For the 12 months beginning in February 2011, the building's annual energy-use intensity was 35,400 Btu per sq ft per year, compared to the goal of 35,100 Btu per sq ft per year, says the 77-page "NREL's Research Support Facility: An Energy Performance Update." Details of individual building systems energy consumption versus modeled energy use—for lighting, plug loads, fans and pumps, rooftop solar photovoltaics (PV) for electricity production, heating and cooling and more—are available at http://www.nrel.gov/sustainable_nrel/pdfs/rsf_operations.pdf.

A critical component for success is building occupant involvement. NREL distributes an eight-page guide to aid its 800 occupants in minimizing things like plug loads. Another critical ingredient is the integration of building operators into the construction and commissioning teams, says NREL.

The lab is disseminating information on its office building, from its performance-based design-build acquisition strategy through operations. Workshop material is also available online at http://www.nrel.gov/sustainable_nrel/rsf.html. NREL has also created a how-to manual.

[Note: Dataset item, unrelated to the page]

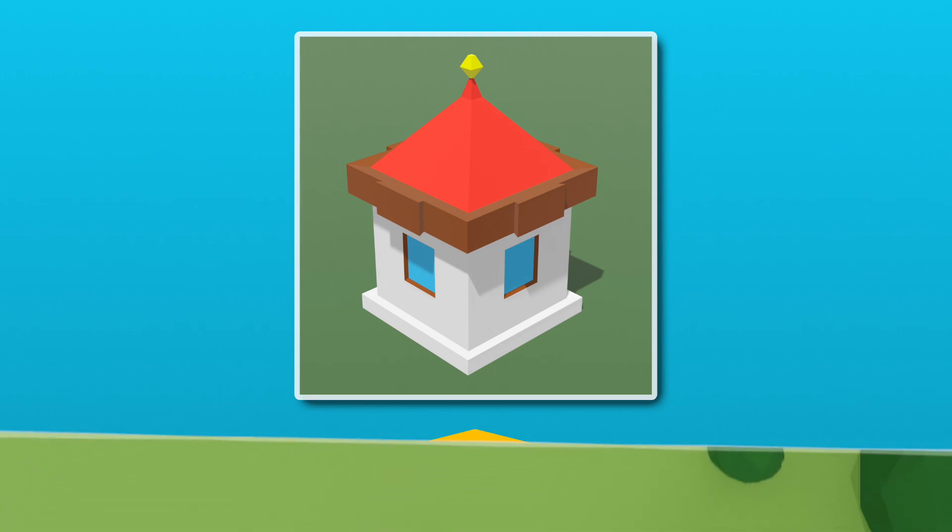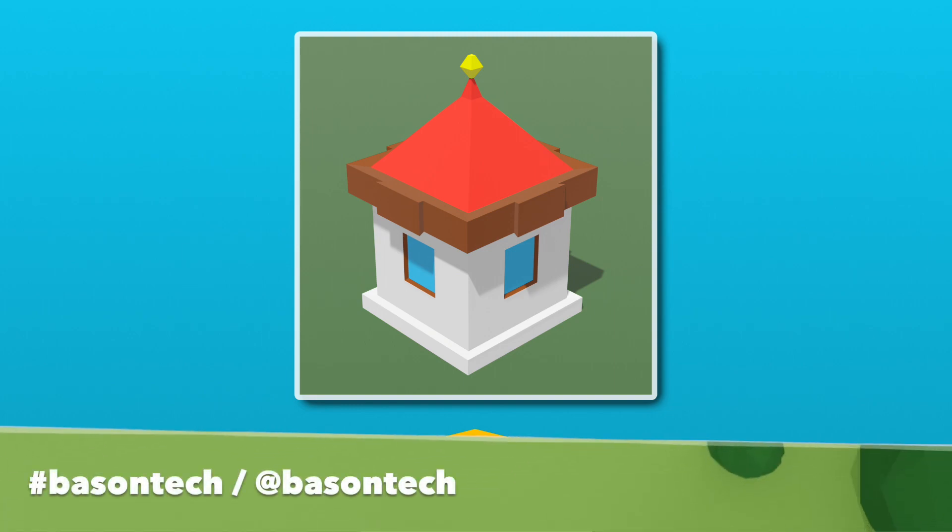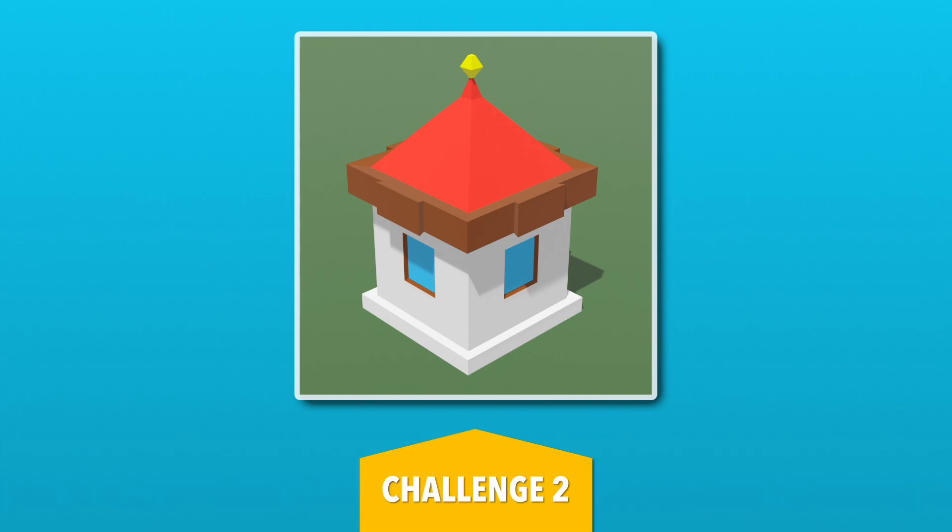Once you're finished, you can share your creation on social media using the hashtag boss on tag. If you have any questions, you can leave them in the comments, and in the description of the video you'll find a link to the website with more projects and Blender tutorials. I'm looking forward to seeing what you are creating, and I'll see you in the next episode.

NREL's next goal is annual net-zero-energy use. All the facility's PV systems should be operational in July. "If we continue to perform as we have, we are confident we will meet the goal of annual [NZEU] at the end of a year of measured performance," says Shanti Pless, the lab's senior research engineer. Even with an incomplete PV array, the building was 'net zero' for last July, he says.